FBNTI, a DOR-Selective Antagonist That Allosterically Activates MOR within a MOR-DOR Heteromer

Eyup Akgün, Mary M. Lunzer, Defeng Tian, Michael Ansonoff, John Pintar, Daniel Bruce, Jon E. Hawkinson, George L. Wilcox, Philip S. Portoghese

Research output: Contribution to journalArticlepeer-review

4 Scopus citations


This report describes the unique pharmacological profile of FBNTI, a potent DOR antagonist that acts as a MOR agonist via an allosteric mechanism. Binding of FBNTI to opioid receptors expressed in HEK 293 cells revealed a 190-fold greater affinity for DOR (Ki= 0.84 nM) over MOR (Ki= 160 nM). In mice, intrathecal FBNTI produced potent antinociception (ED50= 46.9 pmol/mouse), which was antagonized by selective MOR antagonists (CTOP, β-FNA). Autoantagonism of the MOR agonism by FBNTI was observed above the ED75dose, suggesting antagonism of activated MOR. That FBNTI is devoid of agonism in DOR knockout mice is consistent with allosteric activation of the MOR protomer via FBNTI bound to within a MOR-DOR heteromer. This proposed mechanism is supported by calcium mobilization assays, which indicate that FBNTI selectively activates the MOR-DOR heteromer and functionally antagonizes the MOR protomer at >ED75. The unprecedented mode of MOR activation by FBNTI may be responsible for the lack of tolerance after intrathecal (i.t.) administration. FBNTI was highly effective upon topical administration to the ipsolateral hind paw in the Hargreaves assay (EC50= 0.17 ± 0.08 μM) and without significant contralateral activity, suggesting a lack of systemic exposure.

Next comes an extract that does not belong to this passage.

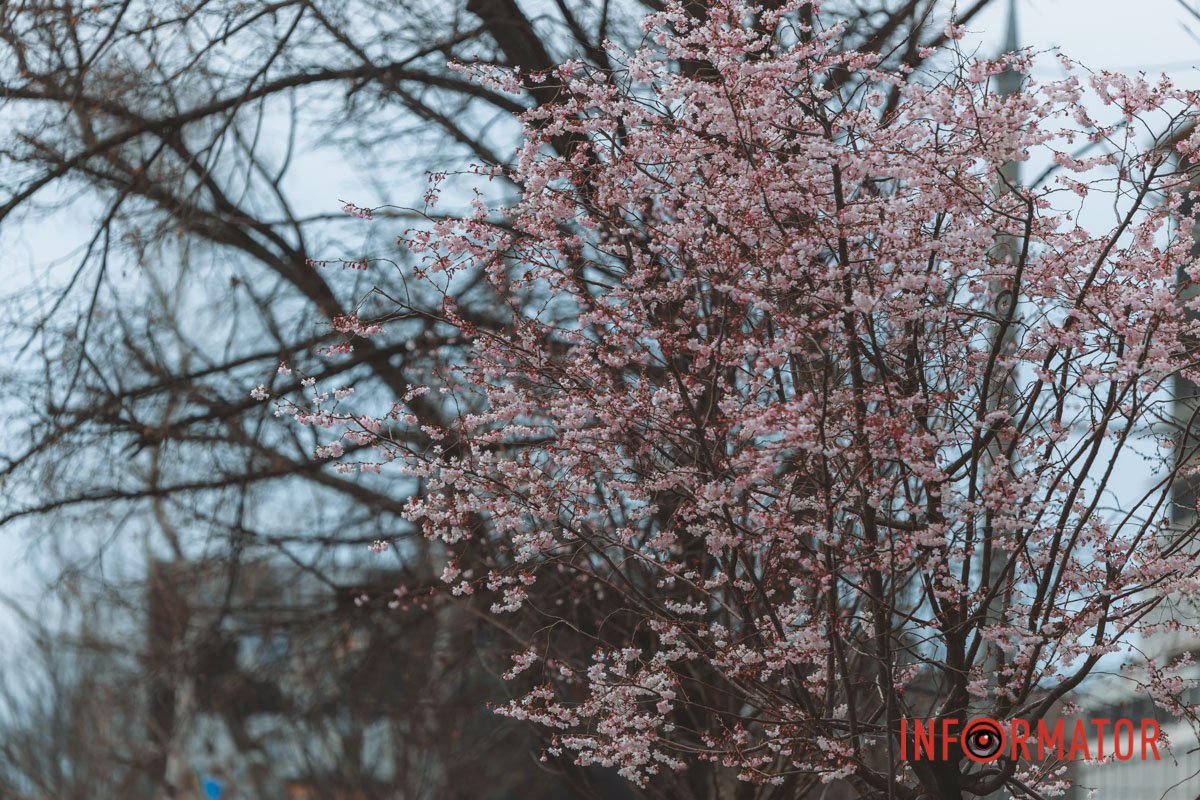 Не опускаємо руки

Original languageEnglish (US)
Pages (from-to)1413-1419
Number of pages7
Issue number18
StatePublished - Sep 15 2020

Bibliographical note

Funding Information:
This work was supported by College of Pharmacy fund of The University of Minnesota.

Publisher Copyright:
© 2021 American Chemical Society. All rights reserved.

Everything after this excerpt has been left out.